● **PROBLEM**
When you reach the line that contains "ジョアン(Johan)/新感覚★小顔美人へ大変身♪" below, transcribe it and each line after it word for word to the end of the records, omitting pictures.

--- TASK MATERIAL Enclosed Below ---

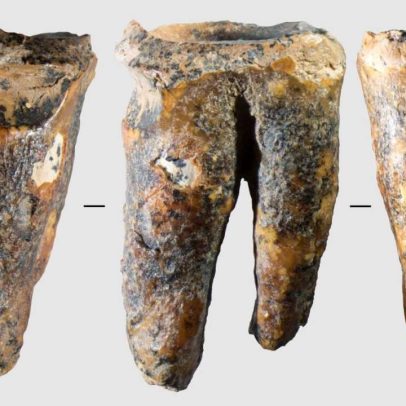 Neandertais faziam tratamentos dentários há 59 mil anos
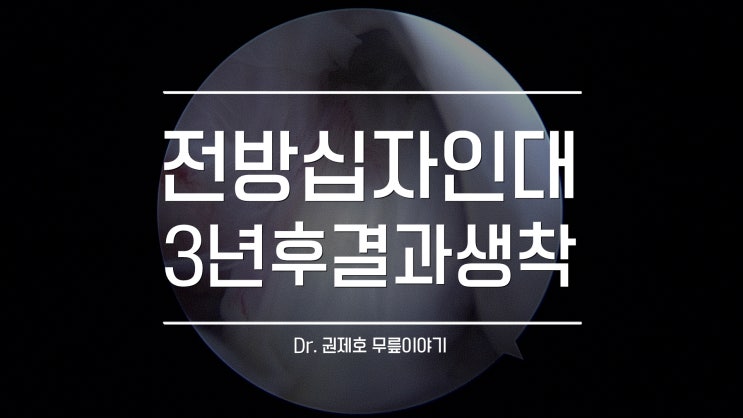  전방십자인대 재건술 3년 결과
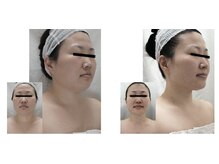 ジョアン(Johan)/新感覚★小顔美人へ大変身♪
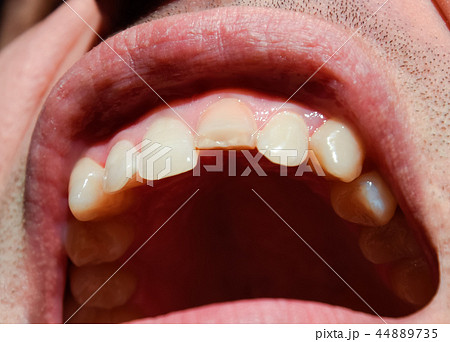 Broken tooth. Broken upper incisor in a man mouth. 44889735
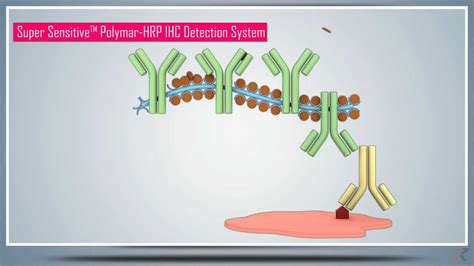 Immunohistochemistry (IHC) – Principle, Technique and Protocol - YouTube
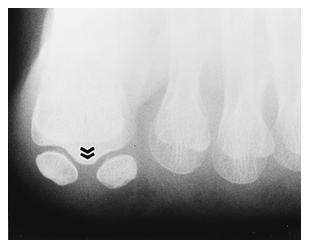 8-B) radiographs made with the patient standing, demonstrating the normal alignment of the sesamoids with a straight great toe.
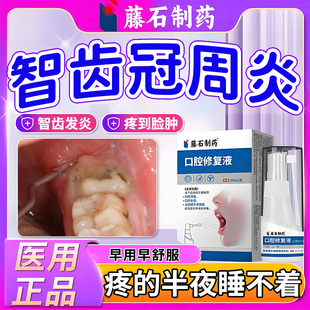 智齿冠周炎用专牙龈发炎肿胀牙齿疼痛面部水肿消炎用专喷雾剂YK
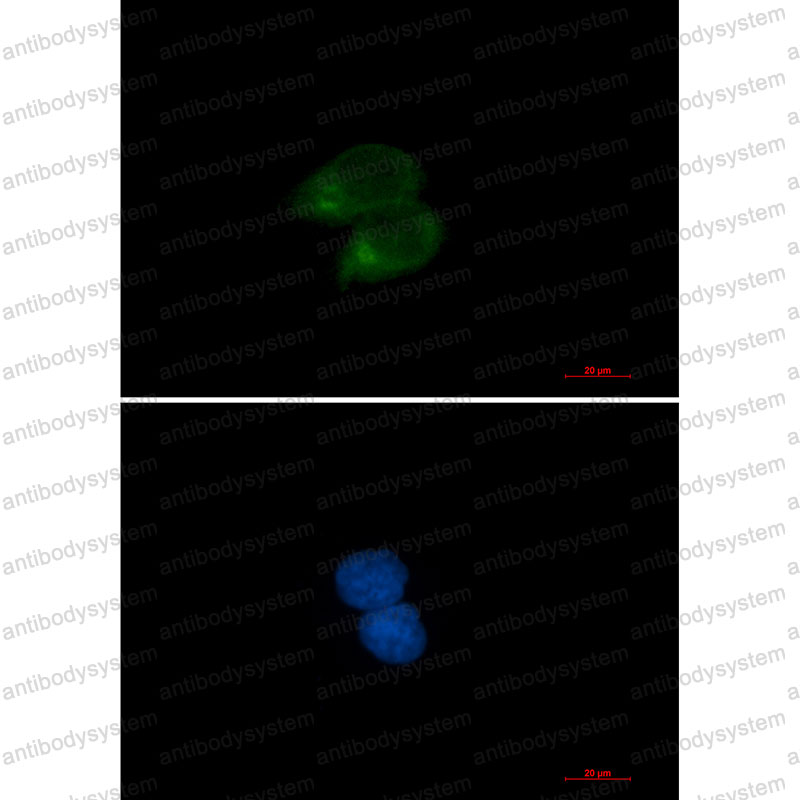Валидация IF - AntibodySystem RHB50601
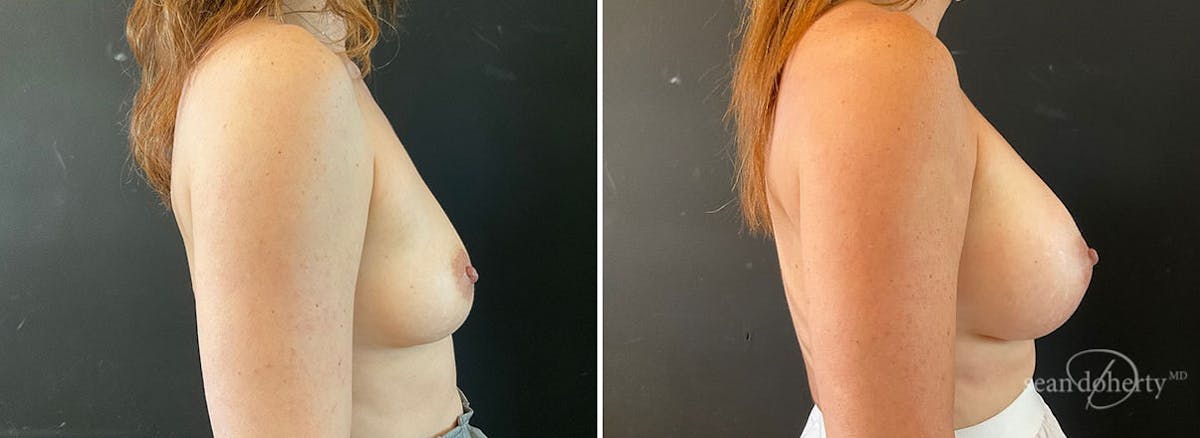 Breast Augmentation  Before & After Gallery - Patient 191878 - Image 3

--- End of Enclosed TASK MATERIAL ---

● **ANSWER TO THIS PROBLEM**
 ジョアン(Johan)/新感覚★小顔美人へ大変身♪
 Broken tooth. Broken upper incisor in a man mouth. 44889735
 Immunohistochemistry (IHC) – Principle, Technique and Protocol - YouTube
 8-B) radiographs made with the patient standing, demonstrating the normal alignment of the sesamoids with a straight great toe.
 智齿冠周炎用专牙龈发炎肿胀牙齿疼痛面部水肿消炎用专喷雾剂YK
Валидация IF - AntibodySystem RHB50601
 Breast Augmentation  Before & After Gallery - Patient 191878 - Image 3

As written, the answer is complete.